In the current production pipeline, PLM data is ingested from ENOVIA through a SQL Server-backed interface implemented in Python. While the transport and schema differ across organizations, the role of PLM does not: it provides the business logic that turns CAD geometry into a complete, auditable USD product definition.
Orchestration and Systems Integration (PDG)
PDG is the integration surface. The CAD and PLM interfaces are implemented as discrete Python modules, and PDG is where those interfaces are composed into a single build graph that produces the final USD output. I develop PDG HDAs in Houdini that wrap and sequence these modules, turning independent capabilities into a repeatable system.
- Graph-based orchestration: Build steps are expressed as dependencies, making the pipeline easier to reason about, extend, and debug.

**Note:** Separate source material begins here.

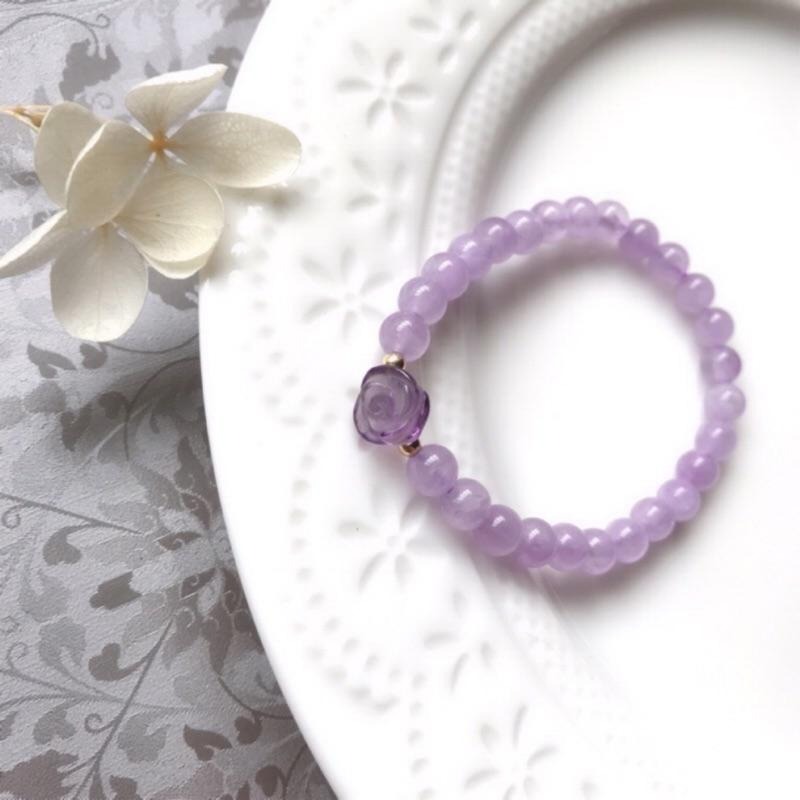 [zoeverglow]薰衣草紫水晶x紫水晶玫瑰花手串-細節圖5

- Modular interfaces: CAD extraction, PLM ingestion, meshing, and USD authoring remain separate units with clear inputs and outputs.
- Operational leverage: PDG provides scheduling, batching, caching, retries, and farm scaling without rebuilding a custom orchestration layer.
- Determinism and regeneration: Given the same upstream inputs, the build can be reproduced, validated, and regenerated on demand.
- Production hardening: Failure handling, logging, and partial progress are treated as requirements for running under constant revision.
Design principle: Houdini PDG is the execution fabric, not the identity of the system. Core pipeline logic lives in standalone Python packages, while PDG HDAs define how those capabilities are composed into reliable, production-scale builds.
Ownership and Operations
This is a production system I own end-to-end. I designed and implemented the architecture, built the core interfaces, and operate the pipeline under constant revision pressure. Ownership includes the integration boundaries, data contracts, and reliability needed to regenerate outputs deterministically as upstream data changes.
- Architecture ownership: Defines the ingestion contract from CAD and PLM through processing and into authored USD assemblies.
- Integration ownership: Maintains the interfaces to CAD systems, PLM systems, and supporting services required to produce publishable outputs.
- Operational reliability: Logging, failure modes, retries, and recoverability are treated as first-class requirements, not afterthoughts.
- Deterministic regeneration: Builds are structured to be repeatable so outputs can be reproduced, validated, and refreshed as revisions occur.
- Downstream readiness: Outputs are authored with stability in mind for multiple consumers, including visualization, rendering, and real-time workflows.
The result is not a one-time conversion tool. It is an ingestion and publishing system designed to stay stable as source data evolves, while remaining extensible for future configuration and digital twin requirements.